The parking issue is, as I’ve said before, a red herring.

We have plenty of parking – free parking unlike other local counties like Westchester, where you have to feed meters on the busy downtown streets of White Plains or Bergen County, N.J., where you have to pay $4 if you park for more than an hour.

A study done by a licensed engineering firm confirmed that there is plenty of parking in and around the county offices.

And the study didn’t take into account 34 additional parking spaces that the county retained when it sold the bank building next door to the Sain Building.

And when the bank building was sold in 2012 for $4 million how come we didn’t hear any whining about parking or about a “vision” for the county center?

Again, the excuses offered up by the Ramapo Democratic delegation fall flat.

As does their complaint that we haven’t answered all of their questions about the proposed sale.

My administration has provided the Legislature with reams and reams of documents regarding the sale, the potential buyer, the potential use, parking, traffic, etc. And, to their credit, some legislators have done their homework, read the information and voted to do the right thing. That includes all the Republicans on the two committees and Democrats Michael Grant, Harriet Cornell, Nancy Low-Hogan and Jay Hood.

More than a year after the Legislature approved the 2016 budget that called for the sale of the Sain Building, the sale has not come up for a vote before the full Legislature.

Certain legislators claim that they have not been given information.

To show how transparent we have been, I have posted just some of the most recent documents that have already been provided to the Legislature.

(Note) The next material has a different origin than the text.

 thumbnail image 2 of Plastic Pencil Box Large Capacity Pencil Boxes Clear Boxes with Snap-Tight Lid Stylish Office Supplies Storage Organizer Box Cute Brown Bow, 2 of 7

Here it is: http://rocklandgov.com/sain-building-documents/

You can read this information and you can decide if we’ve answered the questions.

Here are some questions that the members of the Ramapo Democratic aren’t asking, at least in public.

Why do we need to keep a building in deteriorating condition?

Under my administration, the county workforce has shrunk from more than 3,000 to 1,690.

Rockland County still owns the complex at the Dr. Robert Yeager Health Center in Pomona.

Crucial county services are located there. It’s in much better shape than the Sain Building and can be more easily adapted to different uses.

It’s not for sale. It will not be for sale.

In fact, we are in the process of moving county workers from the Sain Building into the building that formerly housed the Summit Park nursing home.

Those employees, by the way, won’t be parking at the Sain Building since they won’t be working in the Sain Building.

So if parking isn’t an issue, if the building is in deteriorating condition and is unneeded, why the fight to hold onto it, no matter the cost?

What exactly is the goal of the Ramapo Democrats who have been blocking this sale for more than a year?